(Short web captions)
- - - -
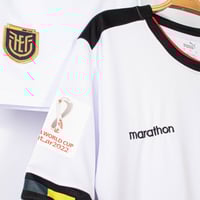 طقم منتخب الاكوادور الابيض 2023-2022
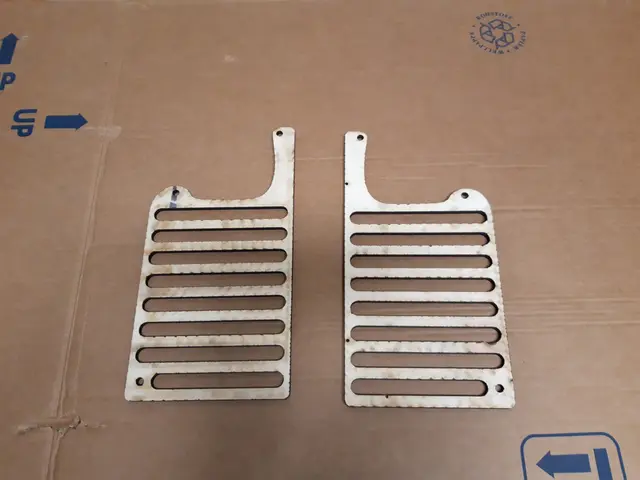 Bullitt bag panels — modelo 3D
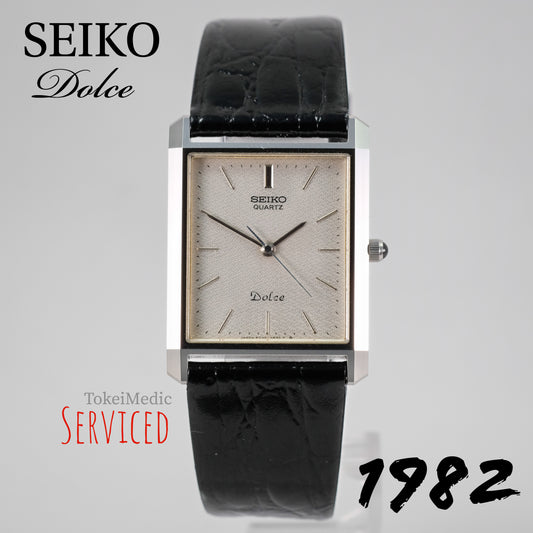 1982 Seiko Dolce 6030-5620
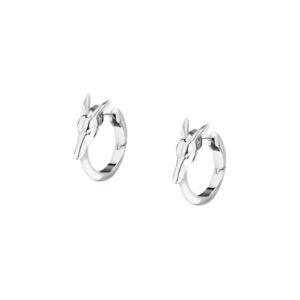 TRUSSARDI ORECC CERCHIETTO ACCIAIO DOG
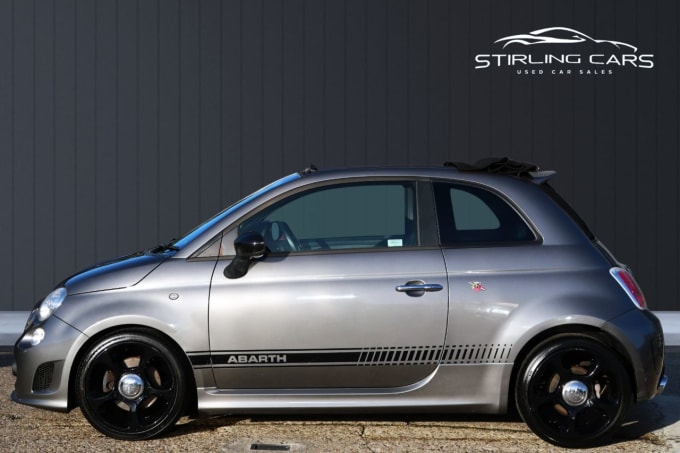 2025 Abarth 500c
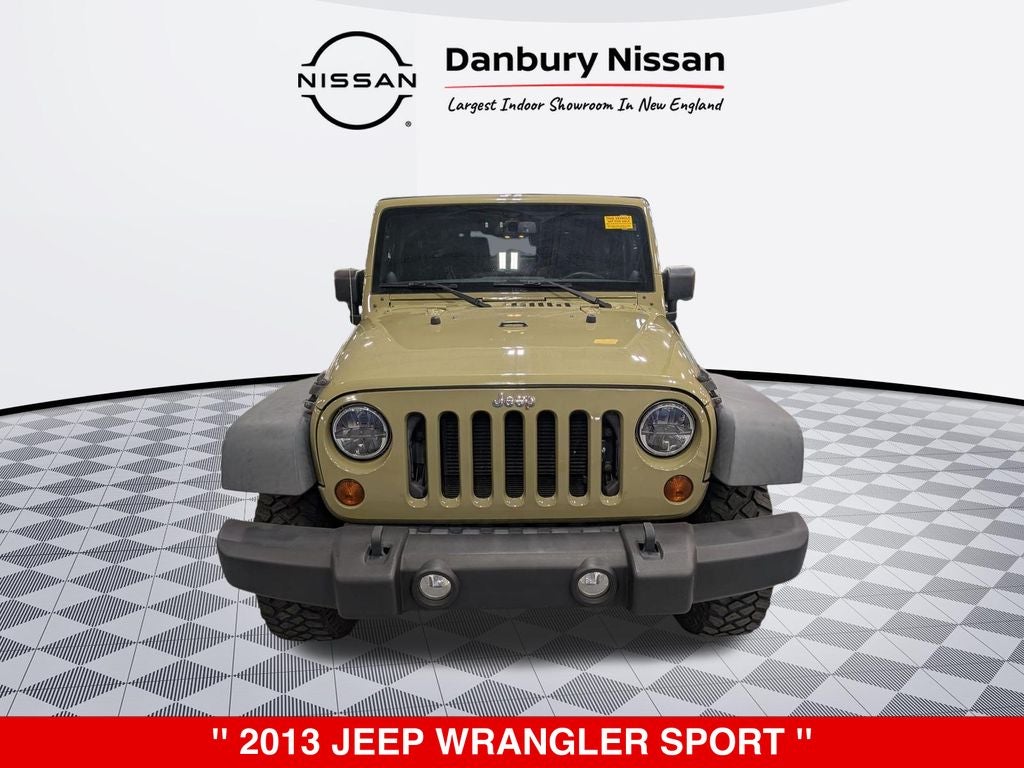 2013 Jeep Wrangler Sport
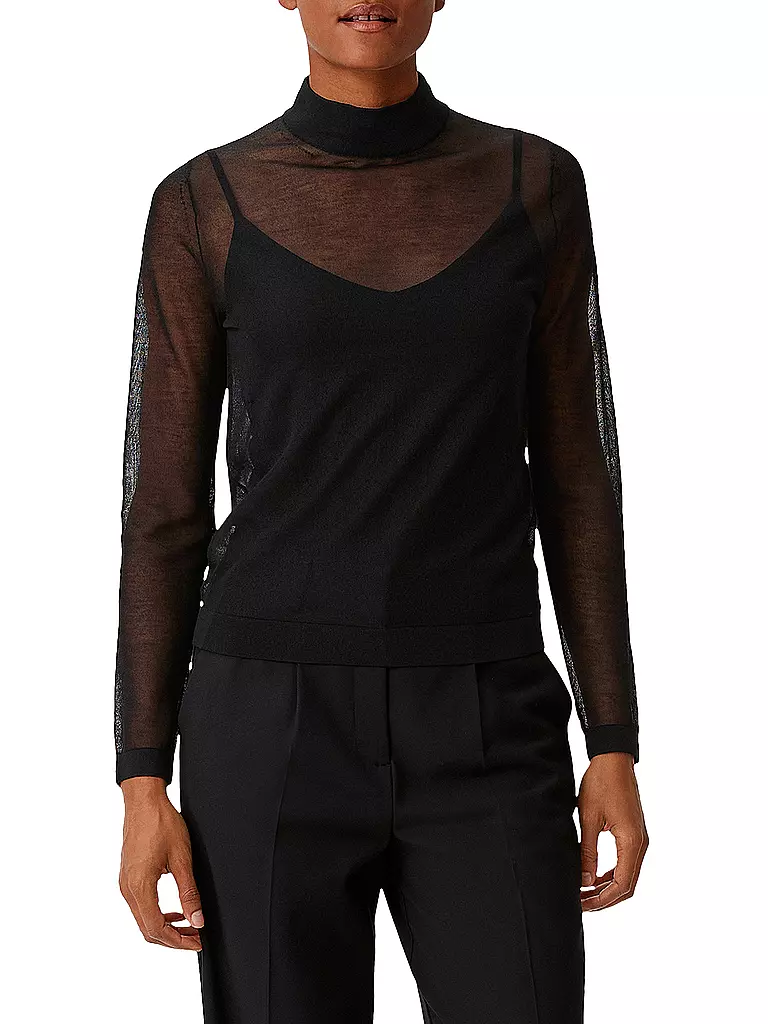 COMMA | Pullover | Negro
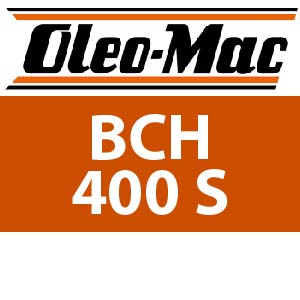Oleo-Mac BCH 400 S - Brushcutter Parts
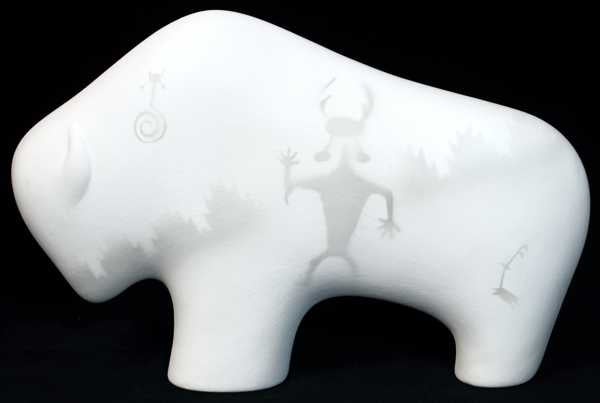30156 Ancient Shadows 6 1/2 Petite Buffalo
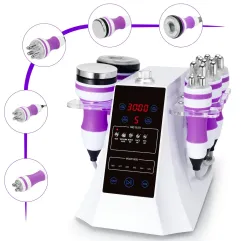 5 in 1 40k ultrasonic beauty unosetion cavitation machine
- - - -
● **PROBLEM STATEMENT**
Leave out the pictures, and retype exactly the lines from the one containing "Oleo-Mac BCH 400 S - Brushcutter Parts" through the last line of the data above, no more and no less.

● **TASK ANSWER**
Oleo-Mac BCH 400 S - Brushcutter Parts
30156 Ancient Shadows 6 1/2 Petite Buffalo
 5 in 1 40k ultrasonic beauty unosetion cavitation machine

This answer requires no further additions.